Starting A Rumor

The two best Bonnie Raitt albums were produced by Don Was.

My favorite is the second, "Give It Up", released in 1972, it’s got an intimacy that was squeezed out of recordings thereafter.  Slick became the norm.  Rough edges denied you airplay.  Just like you had to be beautiful to get on MTV, your music had to sound like it was fashioned by a machine.  What finally blew up Bonnie Raitt was the humanity of "Nick Of Time".  But the piece de resistance was the follow-up, "Luck Of The Draw".  "Something To Talk About" was the hit.  "I Can’t Make You Love Me" became the standard.  But the heart of the album is track 7, "One Part Be My Lover", cowritten by Bonnie and her then husband, Michael O’Keefe.  There’s an intimacy in the track, like you’ve just woken up your lover in the middle of the night.  Not made for the masses, deeply personal, it ends up being universal. As for the lyric…  Maybe you married your high school sweetheart, maybe you’ve never known troubled love, but experience enough relationships and you run into people with problems your parents never told you about.  How can they love you and tell you they can’t live without you, but then leave you?  I used to say my favorite Raitt track was "Too Long At The Fair", but "One Part Be My Lover" eclipsed it.  And then there’s the album’s title track, "Luck Of The Draw".  Maybe you went to graduate school, maybe you’re a professional, you bought insurance and are living off the proceeds.  But for those of us who decided on a different path, we know dead-ends you’re unaware of.  Sure, we’ve got highs that have been extinguished from your dreams, but the whipsaw of emotions, from the victories to the losses, takes an extreme toll.  Yet, we still keep on keepin’ on.  "Luck Of The Draw" is about just this.

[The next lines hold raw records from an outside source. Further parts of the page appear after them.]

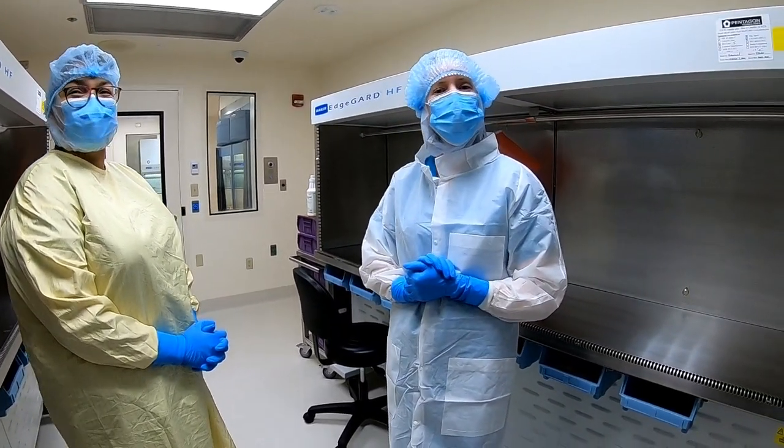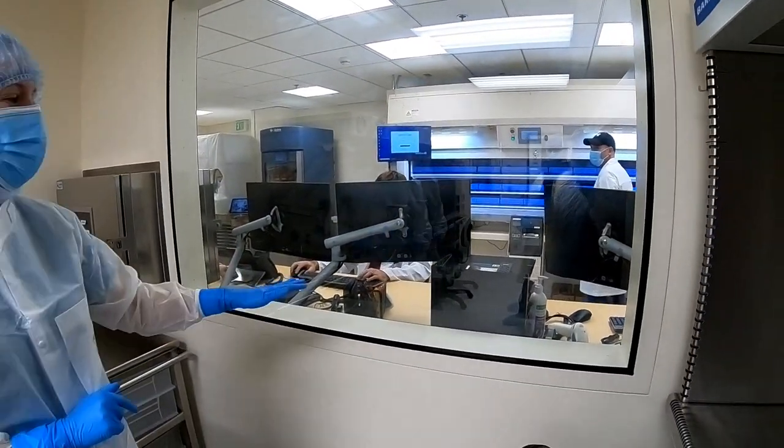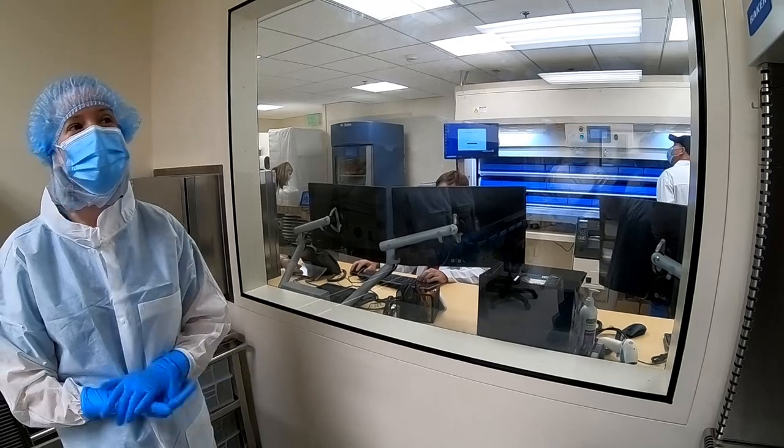The pharmacist will be able to see staff while they're working. Yes — the pharmacist will be monitoring you at all times and will be able to see what you're doing.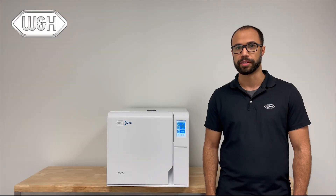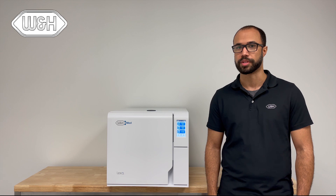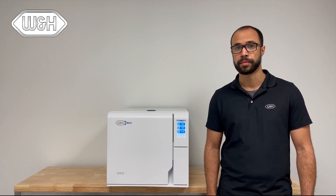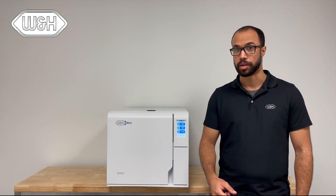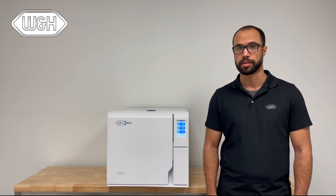Hi, my name is Randy Brown and I'm a repair technician for W&H Impacts. Today, I'm going to introduce you to the Lexus Sterilizer. First, I want to show you how to install the Lexus Sterilizer.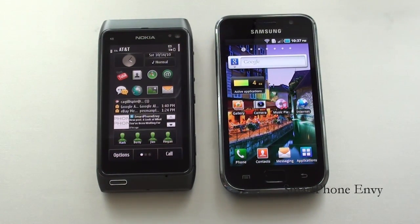Hey everybody, it's Craig with SmartphoneMU. Today we're going to have a face-off between Nokia's N8 and Samsung's Galaxy S.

I didn’t expect Delbert McClinton’s new record to be good.  I figured one listen at most.  Because not only have my heroes disappointed me, I haven’t loved anything Delbert has done since he worked with the Muscle Shoals players, released music on their long defunct label, decades ago.  But I was curious, because of my relationship with Don Was.  I told him I’d check it out.  Didn’t tell him to have the company send me a CD, or to e-mail me a track, I’ve got Rhapsody, Napster, Spotify…I live in an attention economy, the key isn’t to sell me something, but to get me to pay attention to something.

I found "Acquired Taste" with a bit of research.  At this point, Rhapsody has better inventory than Napster, but at least Napster lists albums in order of release.  Delbert’s new album was atop the list.  I clicked to play it now, and went about my business.  The raucous opening cut sounded like Delbert McClinton, the Texan that the Englishmen fell in love with, but barely tuned in, catching up on e-mail, I wasn’t prepared for what came next.  An intro sound straight off of those twenty year old Bonnie Raitt albums.  Soulful, like someone lived here, that we don’t exist in a world inhabited by machines.  Then came Delbert’s voice.  Like honey dripping on your tongue, I was immediately enraptured.

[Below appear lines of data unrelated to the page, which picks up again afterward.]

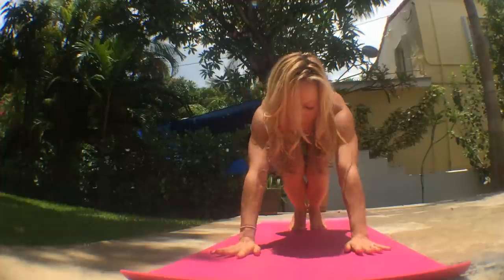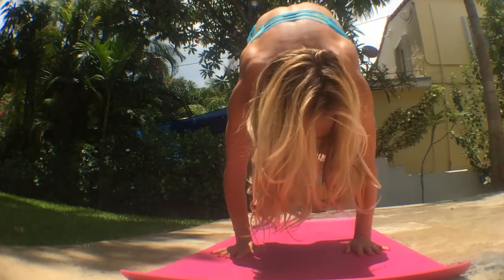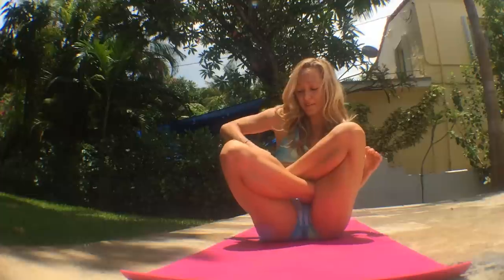Garbha Pindasana. Inhale, jump all the way through, pressing into the foundation of the shoulders, engaging your core, and then exhale, sit down. Next, prepare for the lotus position. Take your right foot and then the left foot into an easy lotus position, using your hands only if necessary.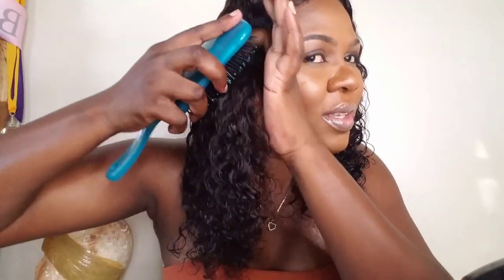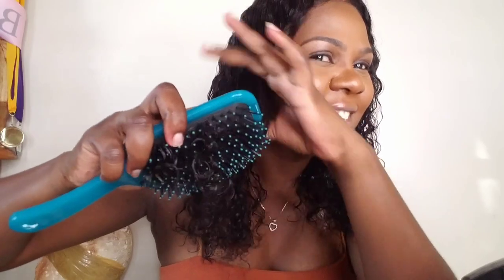I love this wig so so much, it's one of my favorites. I wish I could wear it all day every day as a protective style, but I gotta wear my own hair too. This is gorgeous — look at those curls, look at the bounce back! I was super, super happy.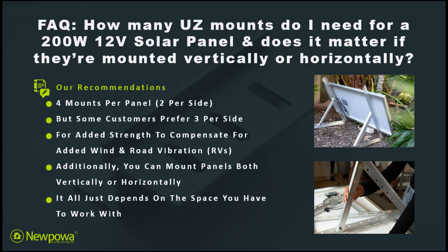Regarding our 200 watt 12 volt solar panel, the recommended number of UZ brackets per panel is four, with two being mounted per side. Some customers, especially in the RV space, prefer three mounts per side for added comfort. Additionally, it does not matter if you mount your solar panels vertically or horizontally — your panel will only perform as well as the amount of direct sunlight it receives.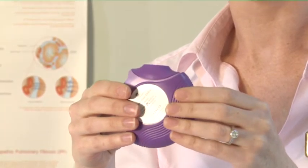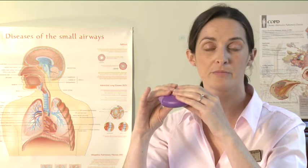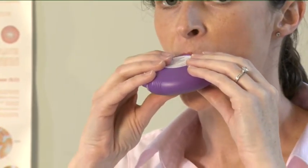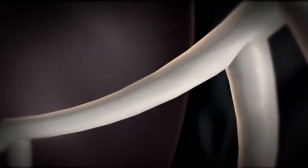Hold the discus away from your mouth. Breathe out for as far as is comfortable. Do not breathe into your discus. Put the mouthpiece to your lips. Breathe in steadily and deeply through the discus, not through your nose.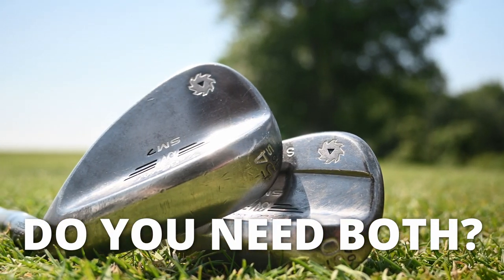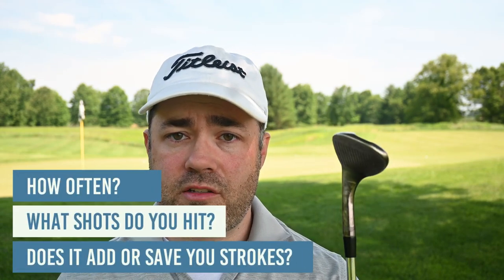So should you be carrying both of these clubs in your bag? That's not an easy question, and I can't tell you what to do with your game — but I'm going to give you some ways to figure it out on your own. Answer three questions about your 60 degree wedge: How often do you use it? What kind of shots do you use it for? And does it cause more problems than solutions? If you find yourself using it for every shot within 50 yards, you're probably losing shots unless you're Phil Mickelson.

This is not music the major labels sign, nor know what to do with.  This is the music that made the medium number one in the public’s heart back in the seventies.  In a track you could find humanity, honesty, truth, you had to buy the records to know what was going on, not only in the world, but inside yourself.

For the last few decades we’ve listened to music thinking about marketability.  Where could we expose it, where could we sell it.  And wanting the widest audience, we ended up with the most homogenous music, it meant nothing, if you wanted truth, you tuned in HBO.

But "Starting A Rumor" reclaims what once was.  Put it on, and even though you might be alone in the house, you feel warm, wrapped up in a blanket, part of something, connected with the singer, the song and society.

I could go on, describing it, but just listen.  If you were around back then, you’ll get it.

Meanwhile, even more fascinating is this YouTube clip from something called Dayton RiverBlast.  With people speaking in the background, Delbert does a killer version despite so many not paying attention.  This is the life of a musician.  Believing in yourself, your material, not letting the audience, the response, get you down.  Delbert looks like your next door neighbor, a guy just emerged from his pickup truck, overheated, going inside to down a few beers.  But underneath it all, is years of experience, talent, he delivers, more than Madonna ever could.  It’s not about outfits, it’s about the music, how it touches you.